Cycle collecting reference counted pointers for Rust with a safe, simple api.
The Gc
type implemented by this crate provides a cycle-aware smart pointer in the style of
std::rc::Rc
, the major difference being that you cannot have weak references to a Gc
. This is
useful if you have some number of interlinked data structures - e.g. GraphNode
, LuaTable
, etc. -
which don't have clear lifetimes or ownership.
Gc
is probably the wrong choice for many usecases:
- If you have a data structure with clear parent-child relationships (like a doubly-linked list or
tree), you should probably just use std::rc::Rc
and Weak
.
- If your data is only used for a certain scope and discarded wholesale, you will probably benefit
from a crate like typed-arena or
bumpalo
- If you have a single type and want to add/remove values, something like
generational-arena is probably best.
Because any implementation of the Traceable
trait and custom Drop
implementations for objects
owned by a garbage collected pointer can run arbitrary code, they may attempt to create new copies or
drop existing traced objects (even already traced ones) in the middle of collection. In addition,
due to bugs in client code, Traceable
may report more items as children than it actually owns
(reporting fewer is trivially safe, as it will simply leak).
In order for this crate to be sound and present a safe Traceable
trait, the collector must not
cause undefined behavior in any of the scenarios outlined. In order to accomplish this, the
collector does the following:
1. Items that are waiting for collection or have been visited during tracing are given an extra
strong reference to make sure the memory remains allocated and the data it contains remains valid
even if strong references are dropped during traversal.
2. Reference counts for traced items are not decremented by the collector during traversal (this is
a difference from e.g. Bacon-Rajan which originally inspired this crate). The collector instead
keeps a count of the number of times it reached each pointer through tracing, and then compares
that count against the strong count for each pointer it traced to decide if the item is dead.
3. Before dropping any values, the collector marks the object dead. During this process, bugs in the
Traceable
implementation may cause the collector to believe a dead value is still alive
(causing a leak) or a live value is dead (making it inaccessible, but leaving the gc pointer
valid). Safe code is unable to access dead values (it will panic or return Option::None), and
cannot restore the live state of a dead object. Values are never temporarily dead, the collector
only marks them dead after it has fully determined that it is a valid candidate for collection
(all strong refs are from members of its cycle).
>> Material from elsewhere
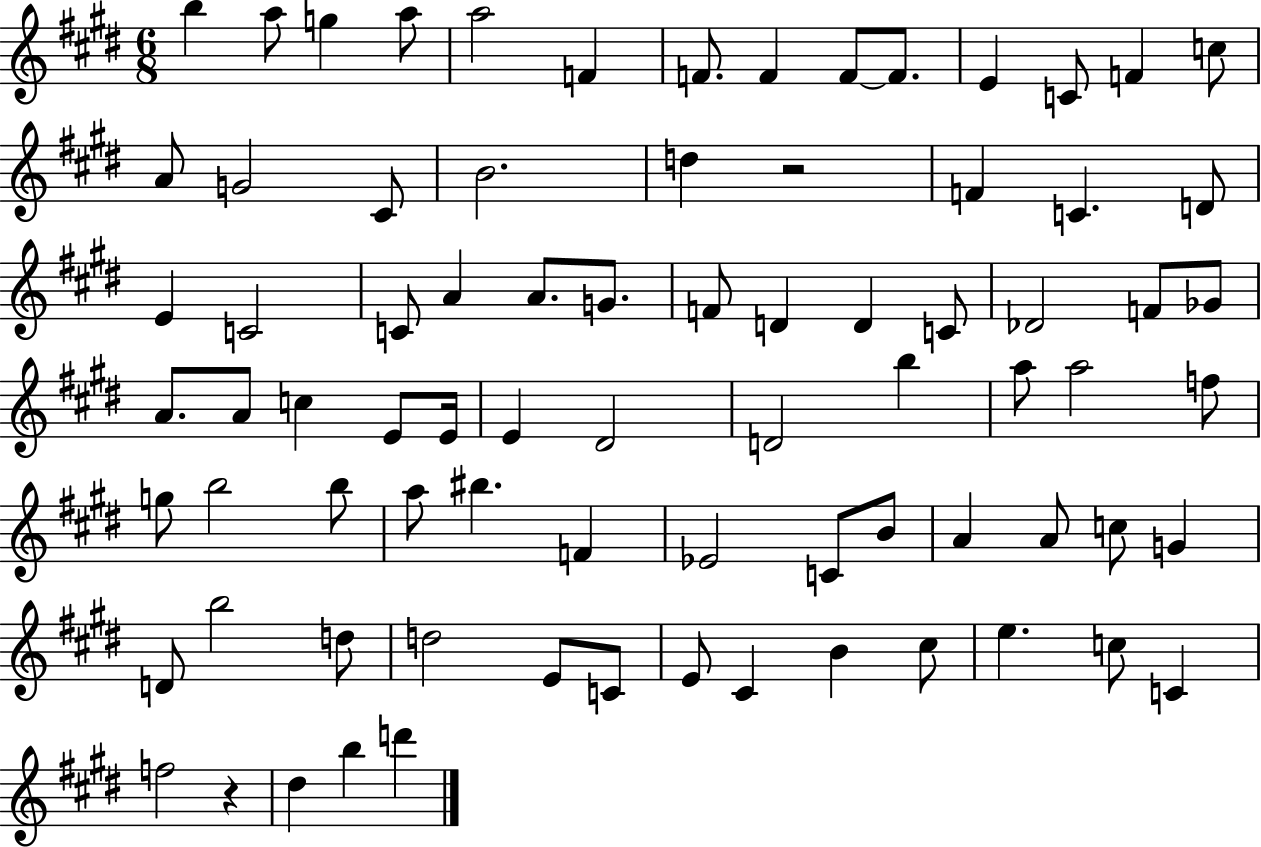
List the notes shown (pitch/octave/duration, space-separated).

B5/q A5/e G5/q A5/e A5/h F4/q F4/e. F4/q F4/e F4/e. E4/q C4/e F4/q C5/e A4/e G4/h C#4/e B4/h. D5/q R/h F4/q C4/q. D4/e E4/q C4/h C4/e A4/q A4/e. G4/e. F4/e D4/q D4/q C4/e Db4/h F4/e Gb4/e A4/e. A4/e C5/q E4/e E4/s E4/q D#4/h D4/h B5/q A5/e A5/h F5/e G5/e B5/h B5/e A5/e BIS5/q. F4/q Eb4/h C4/e B4/e A4/q A4/e C5/e G4/q D4/e B5/h D5/e D5/h E4/e C4/e E4/e C#4/q B4/q C#5/e E5/q. C5/e C4/q F5/h R/q D#5/q B5/q D6/q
4. After the full set of traced objects has been marked, the collector begins dropping the inner
data of objects it believes to be dead. This drop does not and can not free the memory for
the gc pointer, nor does it make the reference count or liveness inaccessible.
5. After it has completed dropping of the inner data of dead values, the collector re-examines the
list of dead values and checks their reference counts. Because gc pointers always decrement their
refcount during drop, if the cycle was correctly cleaned up, the only remaining reference count
will be the strong ref added by the collector itself. If the collector sees this, it knows that
there is no way for safe code to still access the gc pointer and it can safely de-allocate it.
If the number of oustanding references has not dropped to zero, the collector leaves the node
marked Dead
, indicating that its inner data has already been dropped, but that the gc pointer
itself may still be reachable from safe code. Safe code is prevented from getting a reference to
the data stored in a zombie pointer. When a zombie value's refcount reaches zero it is
automatically de-allocated, as it is impossible for it to participate in any cycles once its
inner data has been dropped.
There are a decent number number of tests designed to exercise each of these scenarios included, and all of these tests pass miri (barring leaks for intentionally misbehaved code).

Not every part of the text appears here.